Drupal has evolved over the years and is now considered as one of the most popular, and preferred open source web Content Management System (CMS) solution. Organizations, irrespective of their size or the business they are in, are implementing it in growing numbers. This is substantiated by a report from a top analyst firm, which says, “Drupal added 3500+ new implementations last year”. So, when I had an opportunity, I decided to use it to understand its capabilities and evaluate its web experience management functionalities. For the purpose of this study, I divided its capabilities into seven (7Ms) categories as given below:
Master the Product
Drupal is very easy to install. It’s a LAMP/WAMP (Linux/Windows, Apache, MySQL, and PHP) based product, which has standard hardware setup and functioning requirements. The User Interface (UI) is intuitive, as a result, once you have developed a website on Drupal, it is simple to configure and handle, and export or create a copy for backup and migration. In addition, it is easy to customize and add features as the code is with you. On the flip side, I noticed once you start installing additional modules the system goes slow and absence of back links at some places makes navigation a bit tricky.
Manage the Content
Drupal provides most of the basic features needed to create and manage content. It offers different content types to choose while building a new web page—inbuilt page templates, display themes etc. You can drag and drop components on a web page, enable inline editing of content using a WYSIWYG editor and change the template on the fly. Additionally, multiple users can work on the Drupal platform simultaneously but they cannot create their own private workspace. Moreover, the webpages created by different users are placed at one location, which prevents the creation of any folder structure or a hierarchy.
Drupal provides a robust authorization and authentication system with the login module available out of the box. Additionally, it allows you to add a version control module to create and maintain multiple webpage versions of web pages. Similarly, you can install additional modules for workflow support, as it does not provide one by default. However, for advanced workflows, you will have to customize the module or create one.

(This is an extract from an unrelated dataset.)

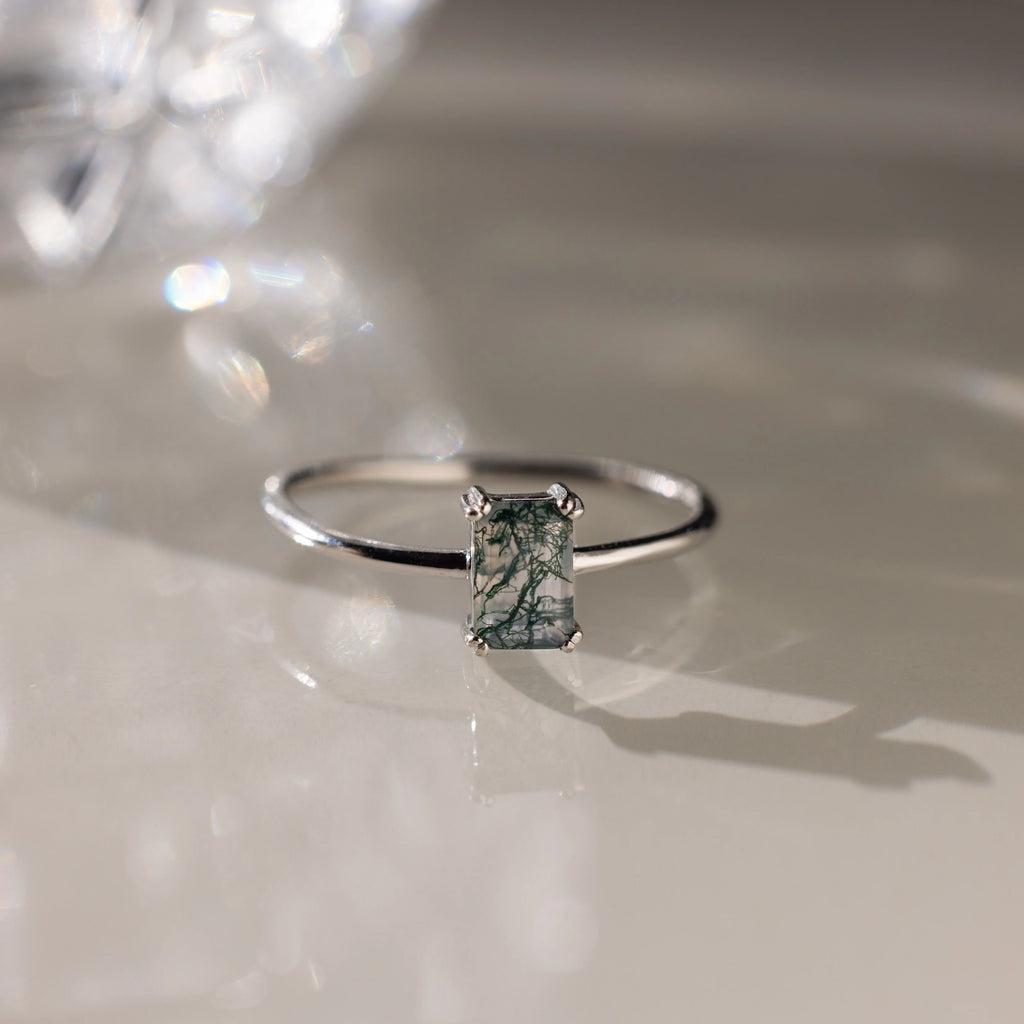 Agate Emerald Ring Silver 18K Gold Plated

Drupal provides a basic menu bar and a search feature by default. However, for drop-downs and other sophisticated menus, you have to either download a module from the Drupal community or choose a different website theme. In addition, faceted search is also available as an advanced option along with the modules for taxonomy building and content tagging.
For building effective websites, Drupal offers search engine optimization capabilities. Moreover, it has a module, which enables you to create URLs, update titles, and associate metadata to the web pages. Additionally, you can include a sitemap to the website.
Drupal does not provide much support for building mobile websites. However you can utilize the RWD (Responsive Web Design) themes to optimize the website for multiple display devices. In addition, it only provides the facility to create a folder structure on the file system to store digital assets and hence lacks an effective digital asset management system.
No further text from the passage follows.